Two men and a woman stand in sunshine smiling at the camera; one of the men has a scarf wrapped around his head
Noël Coward (right) with Richard Burton and Elizabeth Taylor

Richard Attenborough, late grandee of British cinema, is just one among the famous names to mimic Noël Coward in glossy new documentary Mad About the Boy. The impression proves a showstopper. So it should. The voice was built that way by Coward, a performer whose High English delivery was all part of the act.

Amid the archive, two contemporary players join off-camera. Rupert Everett reads from Coward’s diaries with a tamped-down, melancholy edge; Alan Cumming narrates as if worried we might walk out should he pause for breath. Each approach feels of a piece with the Coward we meet here: showman and mass of insecurity, forever both at once.

Director Barnaby Thompson is clearly a fan. He also lets his subject do the heavy lifting.
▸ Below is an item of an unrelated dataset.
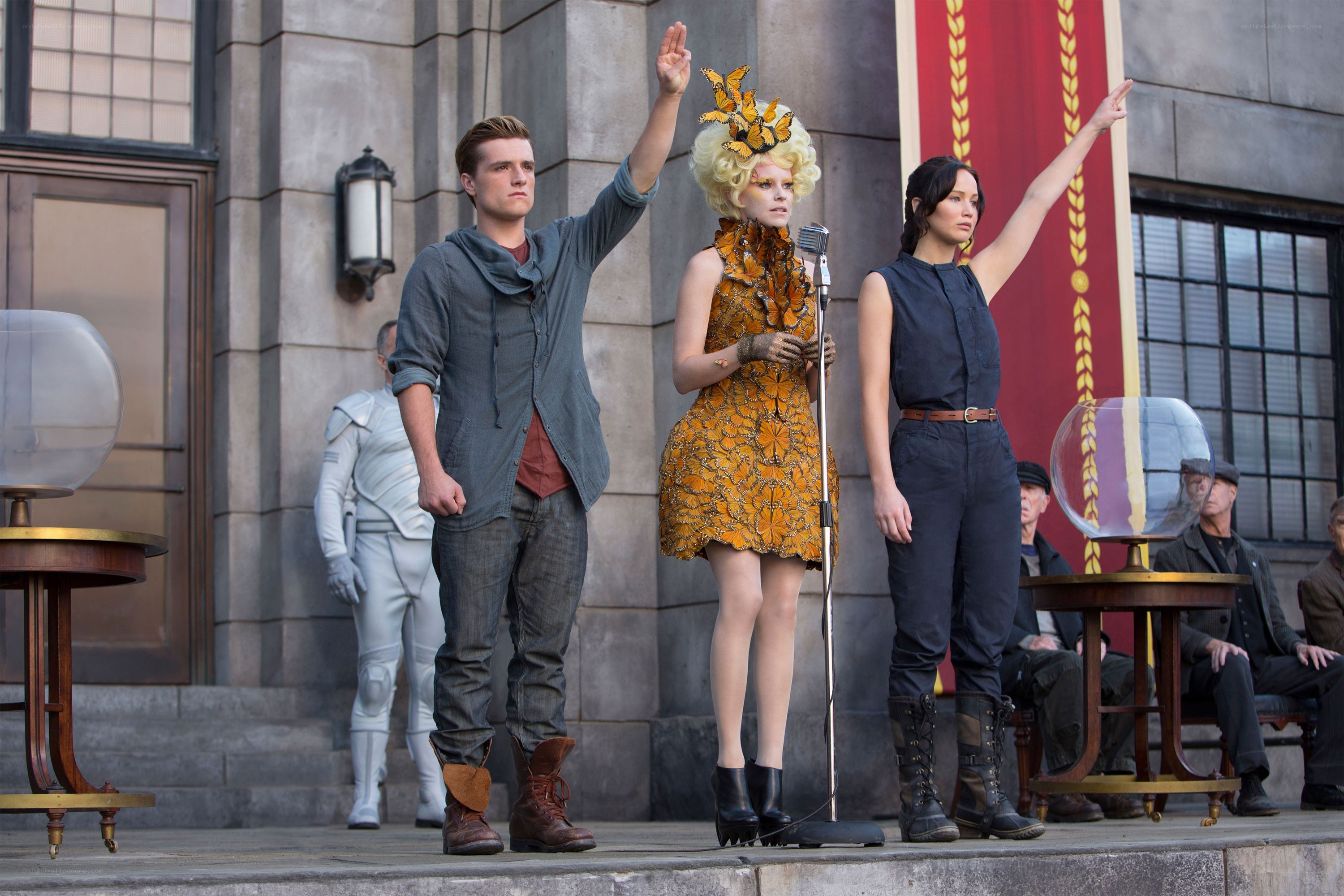 Characters on a stage with raised hands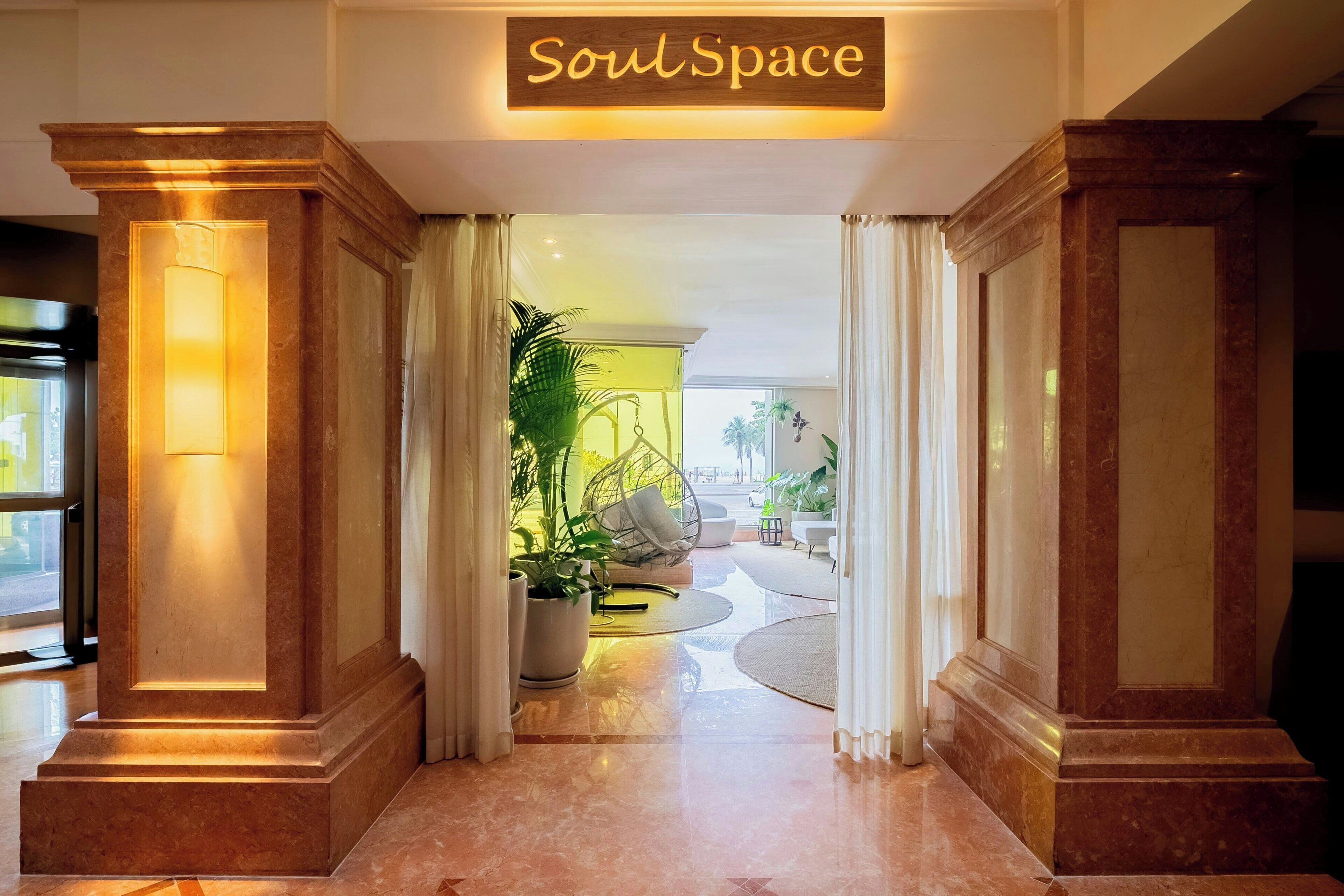 A hotel lobby with a sign reading "SoulSpace," marble columns, a potted plant, and a seating area with a round rug.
The film is really just a timeline, but even the most Wiki-ish telling of the Coward story bumps into so much 20th-century history, it is hard not to get hooked. Escape and subterfuge are eternal themes.

If his upbringing in Edwardian south London wasn’t quite so poverty-scarred as that of Charlie Chaplin, money was always a headache. Like Chaplin, he duly took to the stage with a zealous work ethic and plenty of what would now be called internalised shame. But where Chaplin developed the character of the Little Tramp, Coward instead created “Noël Coward” — fabled raconteur and writer of songs, plays and films, who had in fact been a childhood stutterer without a formal education past nine. 

For all that he offers a biographer, Coward’s contradictions also pull the film in different directions. Tonally it can wobble, moving between bittersweet modern analysis of a closeted gay man (class interests Thompson less), and a simple celebration in line with a king of light comedy.

Aptly again, the cracks are smoothed over with sheer velocity. For Coward, the frantic pace of 1920s New York theatre was a life-long inspiration. “Tempo!” he cried, his personal eureka. And so the film spins through prewar triumphs, wartime double lives and postwar dives out of fashion, all at the same breakneck clip with which we see Coward sing “Mad Dogs and Englishmen” on American TV, the tune now an amphetamine tongue-twister.

What does it say about Englishness that it was so defined by someone this shaped by Broadway, Vegas and tax exile in Jamaica? Well, that we must ponder alone. By the end Thompson simply calls his subject that most banal of placeholders: a national treasure — and passes out on the carpet.